*PROBLEM TO SOLVE*.
Quote each line exactly, from the line that contains "this 640×1139 image." down to the last line of the listing, and no other lines.
****************
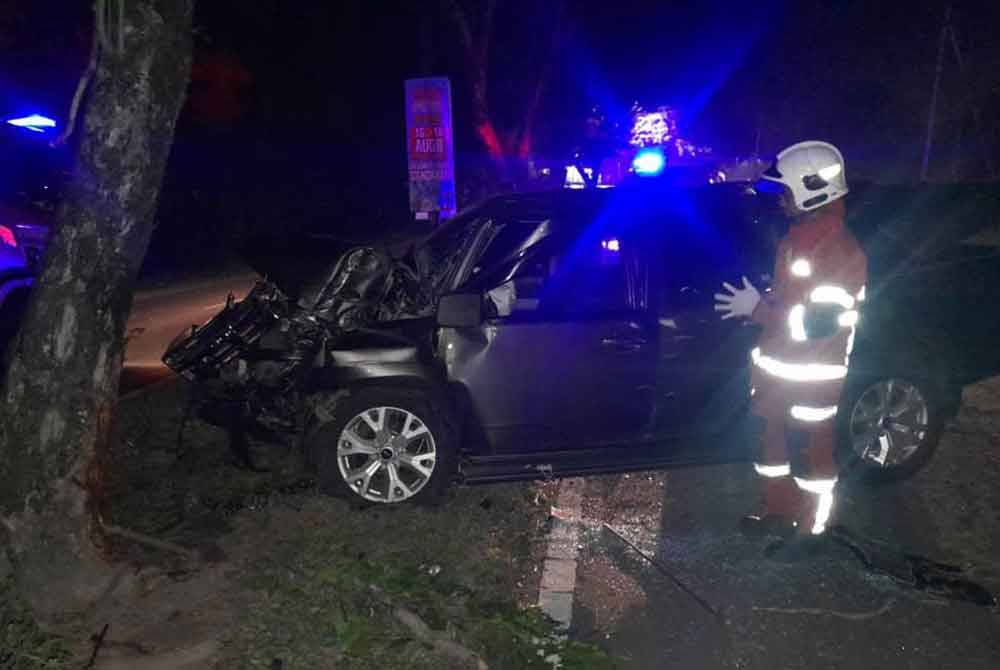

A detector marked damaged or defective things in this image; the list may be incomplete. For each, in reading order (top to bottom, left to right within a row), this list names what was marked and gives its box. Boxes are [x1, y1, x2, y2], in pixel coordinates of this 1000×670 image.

damaged suv [166, 181, 992, 506]
crashed car [164, 181, 1000, 506]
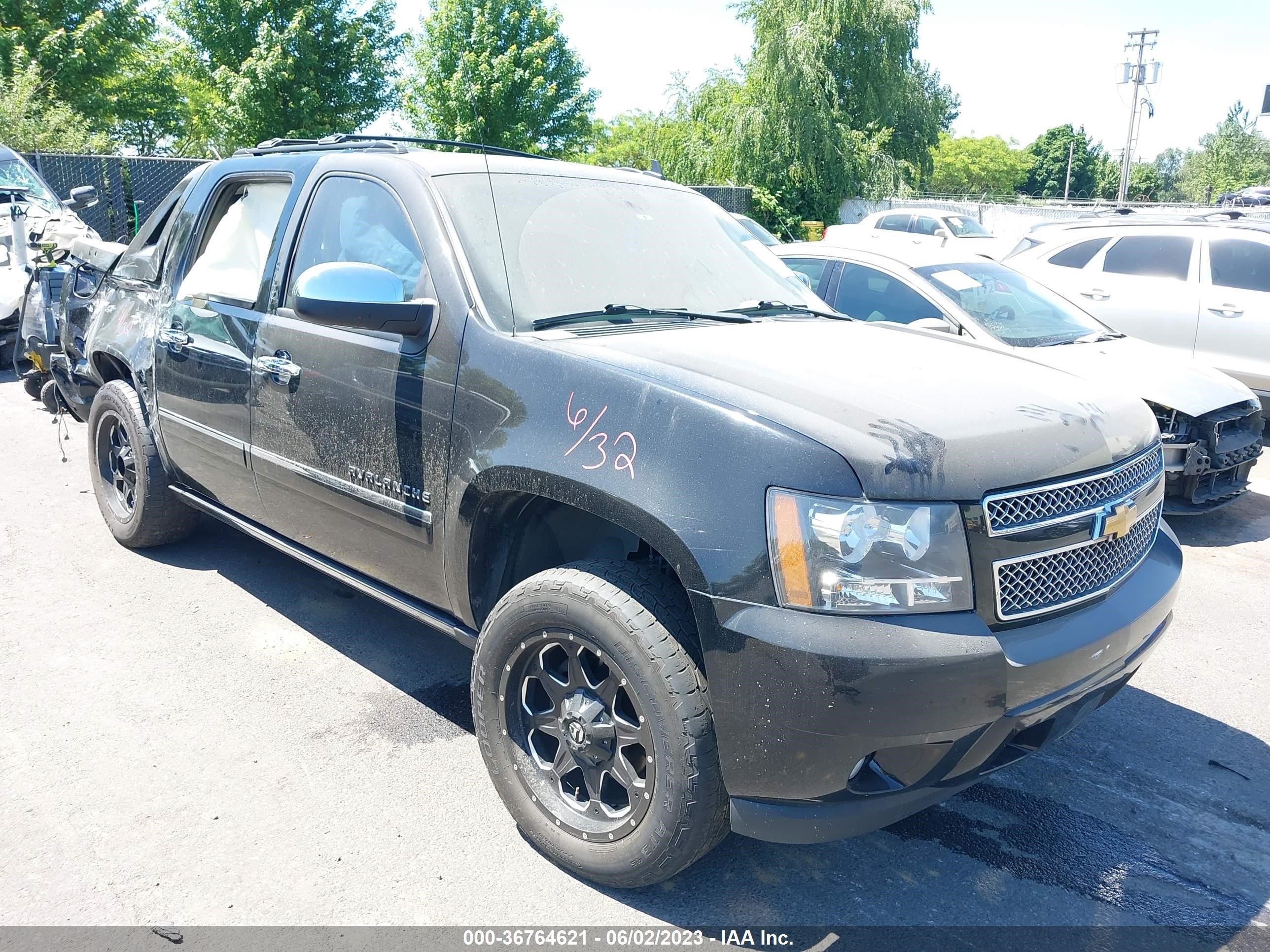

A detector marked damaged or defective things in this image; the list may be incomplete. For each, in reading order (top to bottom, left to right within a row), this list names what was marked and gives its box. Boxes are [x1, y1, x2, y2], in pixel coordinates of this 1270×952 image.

wrecked black vehicle [65, 138, 1183, 891]
damaged front bumper [1160, 398, 1262, 512]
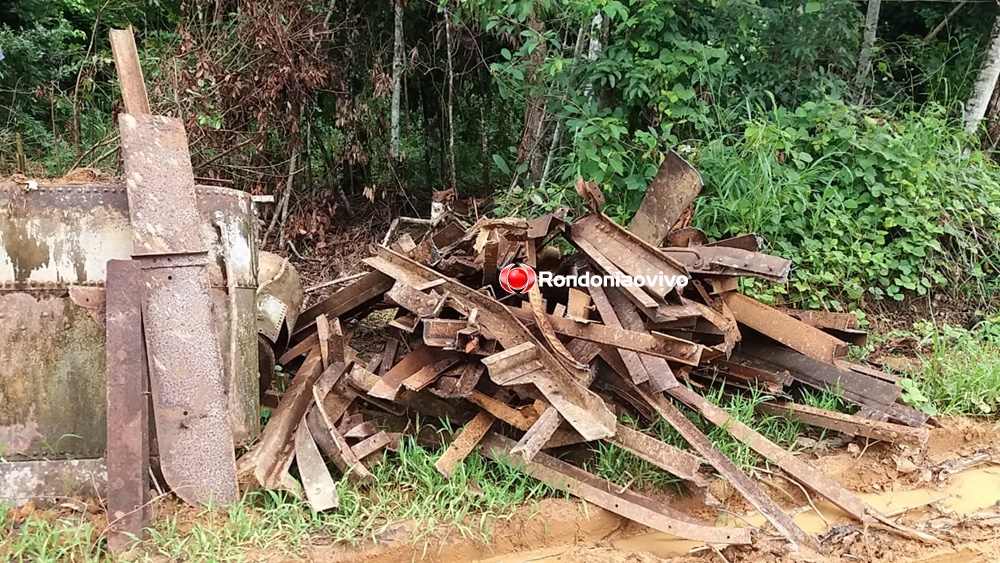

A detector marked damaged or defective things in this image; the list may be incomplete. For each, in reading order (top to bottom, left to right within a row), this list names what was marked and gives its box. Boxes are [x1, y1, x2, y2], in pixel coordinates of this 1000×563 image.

rusty steel rail piece [104, 262, 149, 552]
rusty metal sheet [105, 262, 148, 556]
rusted metal tank [0, 183, 262, 460]
rusty metal drum [0, 183, 262, 460]
rusty metal sheet [117, 113, 203, 254]
rusty steel rail piece [118, 113, 237, 506]
rusty metal sheet [143, 266, 238, 506]
rusty metal sheet [366, 249, 616, 442]
rusty steel rail piece [368, 249, 616, 442]
pile of rusty metal scrap [242, 153, 936, 552]
rusty metal sheet [478, 432, 752, 548]
rusty steel rail piece [482, 432, 752, 548]
rusty metal sheet [572, 213, 688, 300]
rusty steel rail piece [624, 150, 704, 247]
rusty metal sheet [628, 151, 708, 246]
rusty metal sheet [664, 246, 788, 282]
rusty metal sheet [636, 384, 816, 552]
rusty metal sheet [668, 388, 872, 524]
rusty metal sheet [724, 294, 848, 364]
rusty metal sheet [756, 400, 928, 450]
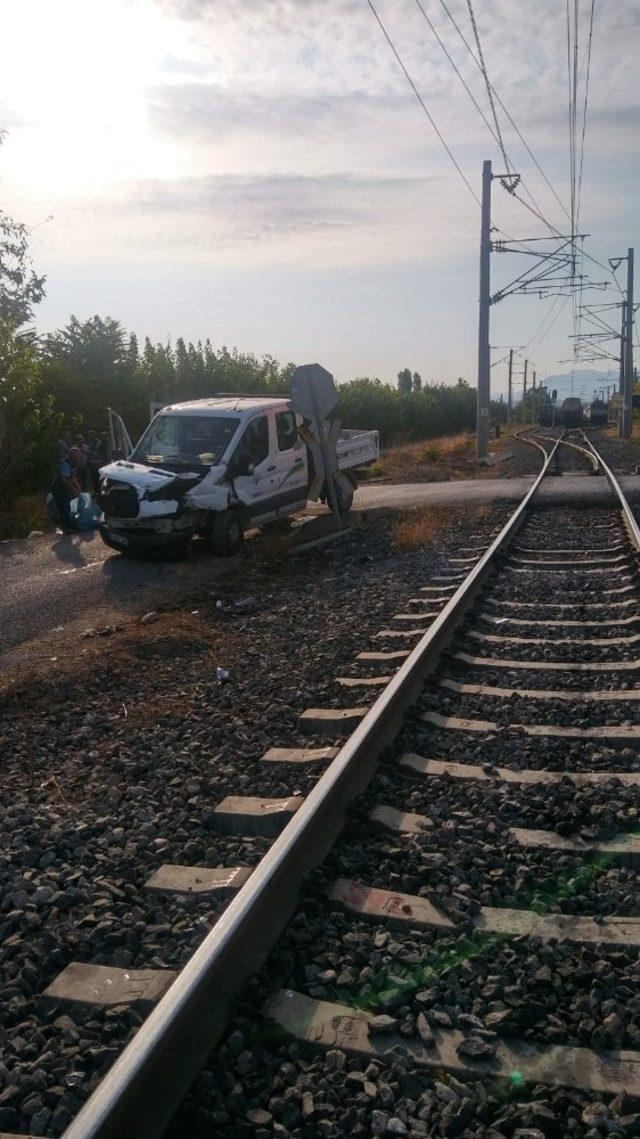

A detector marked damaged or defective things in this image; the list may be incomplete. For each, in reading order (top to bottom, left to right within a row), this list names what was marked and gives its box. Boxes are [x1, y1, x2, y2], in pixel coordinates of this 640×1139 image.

damaged white pickup truck [99, 398, 378, 556]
****************
*ANSWER AREA*.
A detector marked damaged or defective things in this image; the list may be incomplete. For each, in reading order (top to bottom, left to right within a row), this list names what was marked and gives its box. Boxes are [x1, y1, x2, y2], in pixel coordinates of this 640×1139 image.

damaged white pickup truck [99, 398, 378, 556]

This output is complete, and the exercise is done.